WHAT YOU ARE ASKED TO DO » Go to the line holding "Medio dólar Kennedy" in the data below. Return it and each line after it through the last, exactly, and skip the pictures.

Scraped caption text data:

>>>>>

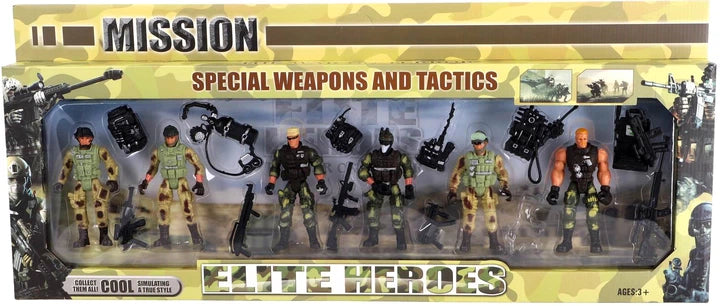 Elite Heroes S.W.A.T. Special Weapons & Tactics Action Figure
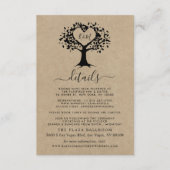 Carte D'accompagnement Détail de la collection de Mariages Rustic Heart T (Devant)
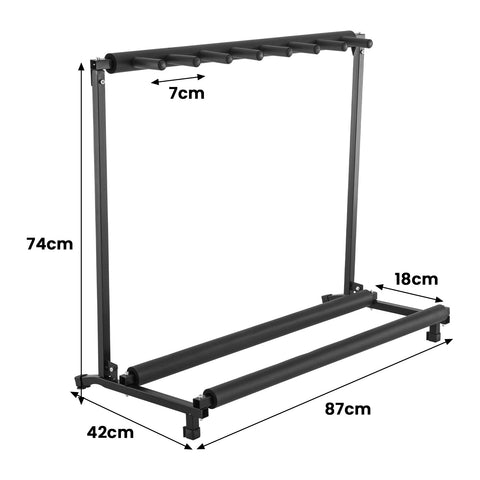 Karrera 7 Guitar Multi Stand - Steel Foldable Rack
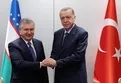 Başkan Erdoğan, Özbekistan Cumhurbaşkanı Mirziyoyev ile görüşme gerçekleştirdi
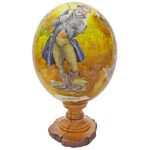 Golfer Tricks Ostrich Egg - 1 piece left - Image 4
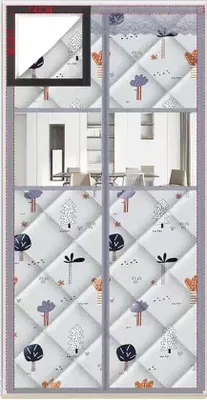 Productafbeelding van Famanu Thermische magnetische gordijn, 85x200 cm - Warmte- en winddicht voor terrasdeuren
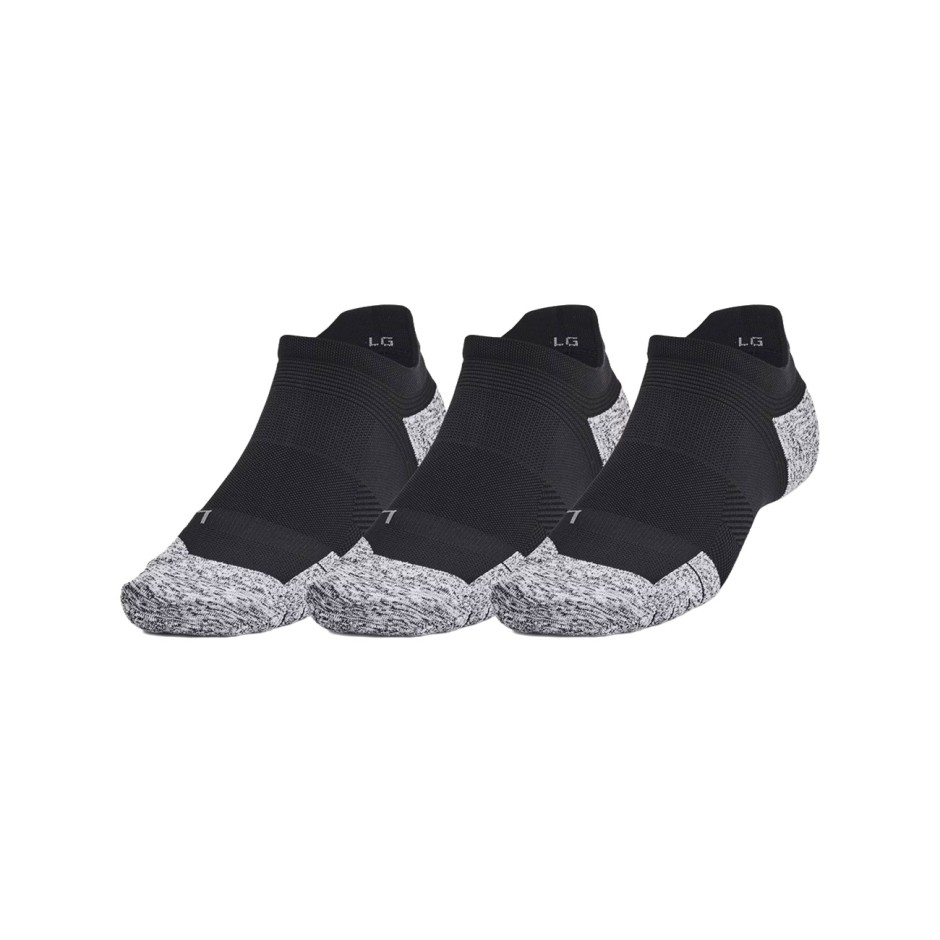 UNDER ARMOUR VELOCITI RUN CUSH 3PK NS 1387044-001 Black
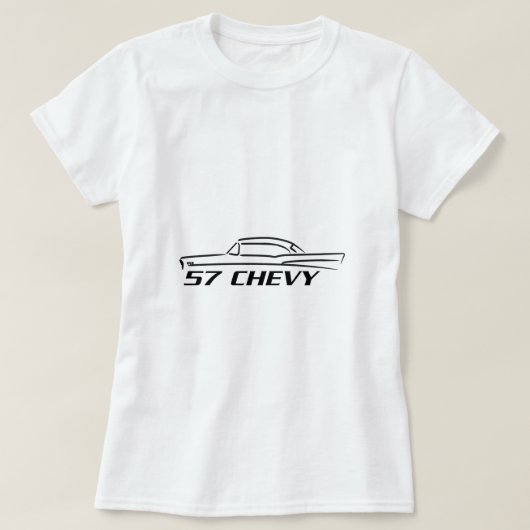 1957シボレー懸命トップタイプ Tシャツ (デザイン正面)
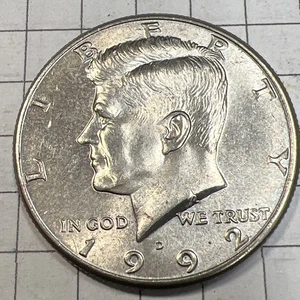 Medio dólar Kennedy 1992 D - buen estado - envío gratuito - Imagen 1 de 5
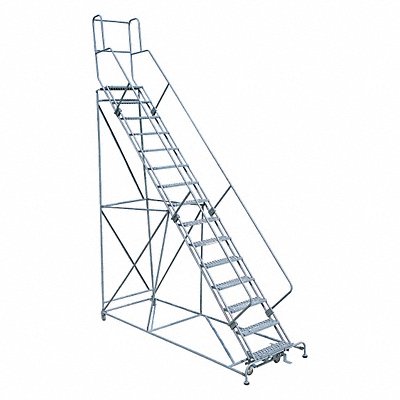 COTTERMAN 1715R2642A3E24B4W5C1P3 Rolling Ladder 192 in.H x 42 in.W 50deg.
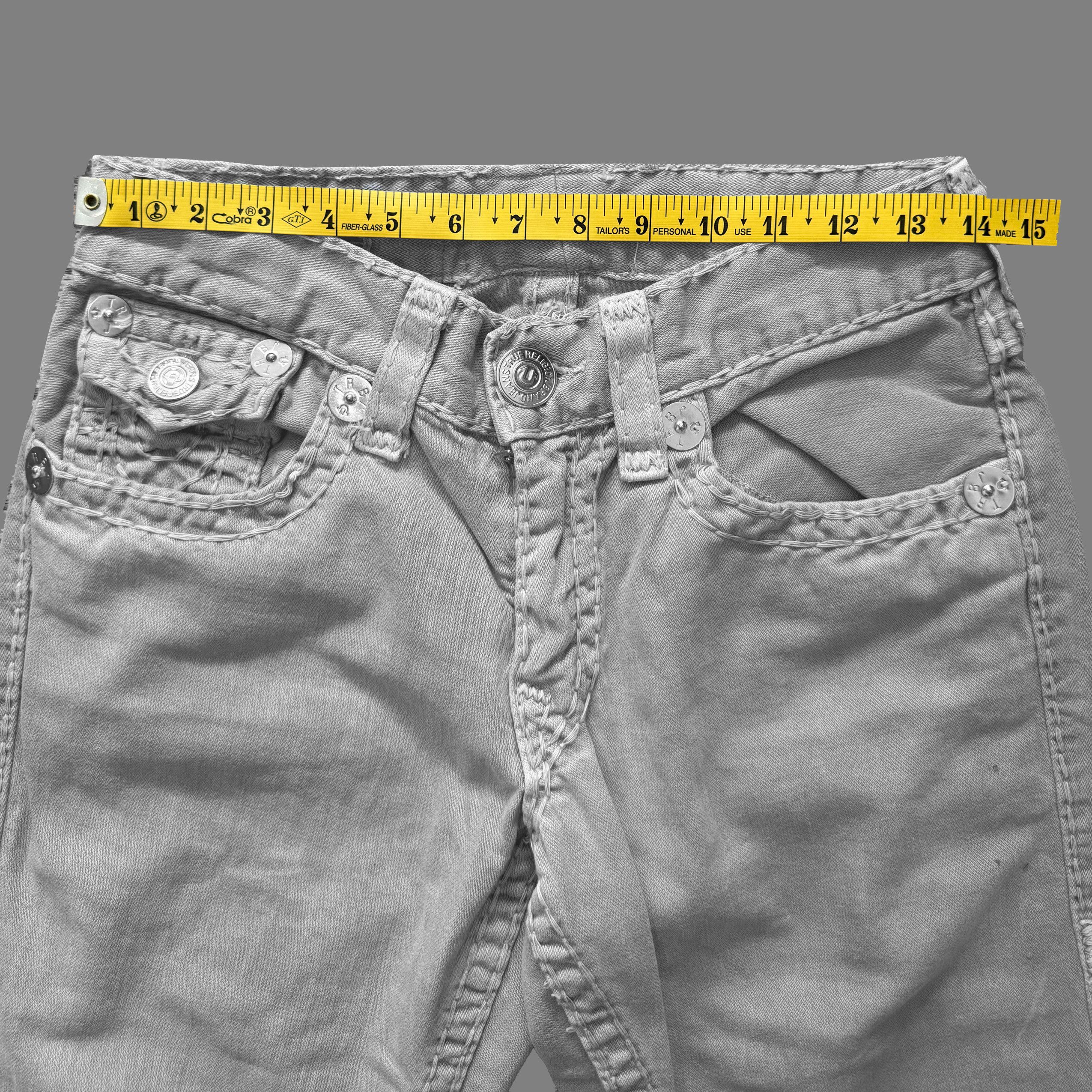 True Religion TRUE RELIGION RICKY SUPER T LIGHT GREY Size US 28 / EU 44 - 4 Thumbnail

<<<<<

OUTPUT OF THE TASK »
 Medio dólar Kennedy 1992 D - buen estado - envío gratuito - Imagen 1 de 5
 COTTERMAN 1715R2642A3E24B4W5C1P3 Rolling Ladder 192 in.H x 42 in.W 50deg.
 True Religion TRUE RELIGION RICKY SUPER T LIGHT GREY Size US 28 / EU 44 - 4 Thumbnail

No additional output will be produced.